Tourists also seem to not be aware of the night quiet laws. City wide, buildings and streets should be quiet from 10pm to 8am. These laws are posted on signs, both in Czech and English, around the city – they’re not a secret. Most hotels, AirBnBs, and other room rental services tell guests when they arrive. Yet people constantly seem to forget. You don’t have parties at your place, don’t pregame, don’t have people over late to party at home. Locals meet people somewhere, bounce from pub to bar together, or at least meet in a square before choosing to go somewhere together. Point being, people rarely ever go to each others’ homes, and definitely not to party and make noise there.
Yet every night, our neighbors (the rented out room, through AirBnB and other sources) can be heard making a ton of noise, playing loud music and yelling, until the wee hours of the morning. We live next to a tram stop, and if we open the windows in the middle of the night, we always hear too-loud voices and drunk laughter floating up from the street. I hope they’re having fun, yeah, but that’s not enough to make me feel better about losing sleep because they’re too loud (even though it was definitely louder in my college dorm and the hotel rooms I stayed in in New York City).
In general, Czechs don’t talk loudly. People walk around the streets at all hours of the day talking to each other, but you can’t hear them at all if you’re more than 10 feet away from them. It took a while for me to get used to this – Cal and I practiced talking quietly to each other while walking around at night. Now I talk so quietly that my parents probably won’t be able to hear me at dinner, even in their own home where nothing else is making any sound (this was a problem before I left too, because I don’t like being loud or disruptive at all to the people around me and they’re losing their hearing).
(The more I think about it, the more Prague was the perfect place for me to end up, even though I knew next to nothing about the place and absolutely none of these unwritten rules before I got here.)
I want to be clear, I’m not mad at the tourists for not knowing this. How could they? It’s not something that’s really advertised. They’re the “unwritten rules” for a reason.
It just seems to me that they have a different goal here than I do when visiting a place.
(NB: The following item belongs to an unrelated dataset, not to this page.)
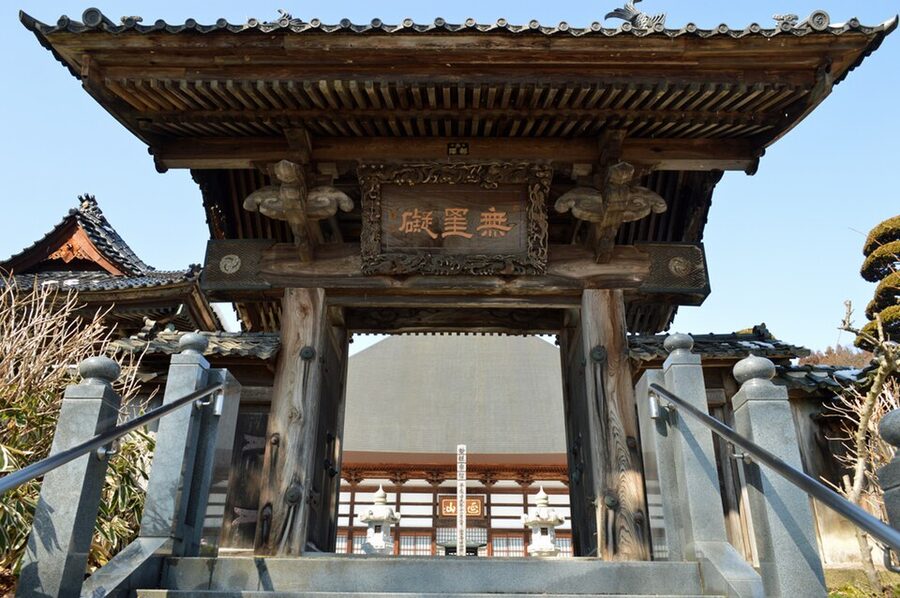 The Sanmon gate at Daitoku-ji temple in Kyoto, the Kinmokaku gate whose second floor housed the Rikyu statue that triggered the 1591 seppuku dispute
When I’m a tourist somewhere, I try my best to follow the social cues set for me. When I was in London, I walked and stood on the escalator on what felt like the wrong side. When I’m in a big city like New York, I’m always conscious of the people around me who are frustrated with other slow walkers or tourists stopping to take pictures, and make a conscious effort to stay to the very side of the sidewalk and only to stop where I won’t be in anyone’s way. I try to blend in, but a lot of people I know don’t mind sticking out. I couldn’t tell you why I try so hard to blend in, not without a lot of self-psychoanalysis that I don’t have the patience to do at the moment, but I like traveling and living that way.
Long story short, tour how you want to. But if you’re doing gross stuff, even if it’s not gross or impolite to you, people are going to give you second glances and judge because “that’s not how it’s done.”